I don’t wait. I grab his face and I kiss him.
This is what it was really like:
There was my father Loki, the boy-god everyone loved and hated in equal shares. He carried me over the Rainbow Bridge to Asgard and put me into the god’s bower. They raised me on the mountain with kindness, though most feared the sharp fangs appearing where my baby teeth had been. Only Tyr brought me meat instead of fruit, and when I was my wolf-self, starving and running wild, only he brought me flowers instead of whips. He sang me songs to help me learn control, and taught me the language of peace.
It was my own fault they remembered the prophecy that I would swallow the sun: I ate a feast’s worth of sacrificial horses and pigs. I’d done it because they were meant for Freyr, who kicked me and called me Loki’s bitch. But all the gods saw was my never-ending hunger.
I was brought to the Shining Hall, where Odin and his brothers sat waiting. The gods of Asgard circled me, made me gag on the sour and sweet and bitter smell of apples. We shall subdue her,Odin said.
With the sound of a cat’s foot, said Freyr.
The beard of a woman, added his sister Freya.
Thor said, The roots of a mountain.
My father’s god-wife Sigyn: With a bear’s nerves.
With a fish’s breath, whispered Hothr.
And the spit of a bird to bind it all, Odin finished. These impossible things shall keep the impossible at bay.

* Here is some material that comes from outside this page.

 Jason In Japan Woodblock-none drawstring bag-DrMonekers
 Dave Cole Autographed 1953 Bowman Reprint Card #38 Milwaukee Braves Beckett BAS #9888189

“Wait,” Tyr spoke. He stood before me, sword at his hip, stance balanced. He was one of the elder gods, and if he had not the sharp wit of Odin, the loudness of Thor, or the fecundity of Freyr, it was not because he was not strong. “This wolf-girl is one of us. A child of Asgard. Shall we treat her so poorly?”
I held my head high, the hunger gnawing inside my chest for bones to crunch between my teeth, or for one of his songs. I growled.
Show us, brother, Odin said. Show us then that she can control herself. That she can resist the sun-sized need.
No. No, I thought, but Tyr walked to me. I backed away, my body ripping and cracking. He was not safe for me, he was not safe! The transformation broke my bones and reshaped my teeth. It changed my tongue until I could not speak.
His face was calm. He did not shake. My back bowed and he put out a hand. “She will not attack,” he said to them. “My word shall bind her.” And to me he lowered his voice: “My flesh shall bind her.”
I opened my mouth to howl and he slipped his fingers past my teeth, sliding them along my tongue. I held my jaw open, my entire body trembling, and breathed in the apple-smell of him. I sucked it down my throat and into the hollow of my stomach. Until it was all I knew, all I wanted and needed in the universe.
I bit down.
I kiss him now, hard enough to draw blood. His living hand wraps around my ribs and pulls me closer. The golden hand presses between us, hard against my diaphragm. I take everything I can from the kiss: taste and breath and life.
“Fenris,” he says into my mouth. But his arm is tight around me; I cannot move back.
I groan, a girl-shaped growl that is all I can manage with the binding-ribbons holding me here.
The gods cried out in fury and horror as I drank Tyr’s blood and crunched the delicate bones of his hand. He himself stumbled back, lips white, bleeding wrist spilling apple-sweet blood onto the floor of the Shining Hall.
I swallowed his hand.
Relief and satisfaction made me lay down, spreading my wolf-self out, licking lazily at the bloody droplets staining the space between my mouth and his body.
It was easy for them to hold me down, to wrap the ribbons woven of impossible things around my neck and paws.
All around Tyr and I, human men and women pause to stare or to walk with wide berth around us. They are jealous of us, or afraid. They sense we haven’t seen each other in a long time, longer than long. They can see how strongly I need him, how much he loves me and has sacrificed. They know we belong to each other, that we are more than human.
But they can’t possibly know that this kiss is the only thing keeping the sun in the sky.